American Society and Individualism
Creating the Good Society
By Claire Andre and Manuel Velasquez
In the Good Society, sociologist Robert Bellah and
his coauthors challenge Americans to take a good look at themselves.
Faced with growing homelessness, rising unemployment, crumbling
highways, and impending ecological disaster, our response is
one of apathy, frustration, cynicism, and retreat into our private
worlds.
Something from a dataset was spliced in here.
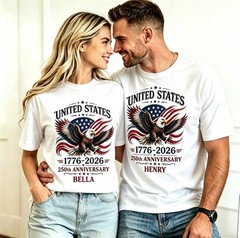 Personalized USA 250th Anniversary T-shirt, Custom Name Couple Unisex T-shirt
The social problems confronting us today, the authors
argue, are largely the result of failures of our institutions,
and our response, largely the result of our failure to realize
the degree to which our lives are shaped by institutional forces
and the degree to which we, as a democratic society, can shape
these forces for the better.
What prevents Americans from “taking charge” is, according
to the authors, our long and abiding allegiance to “individualism”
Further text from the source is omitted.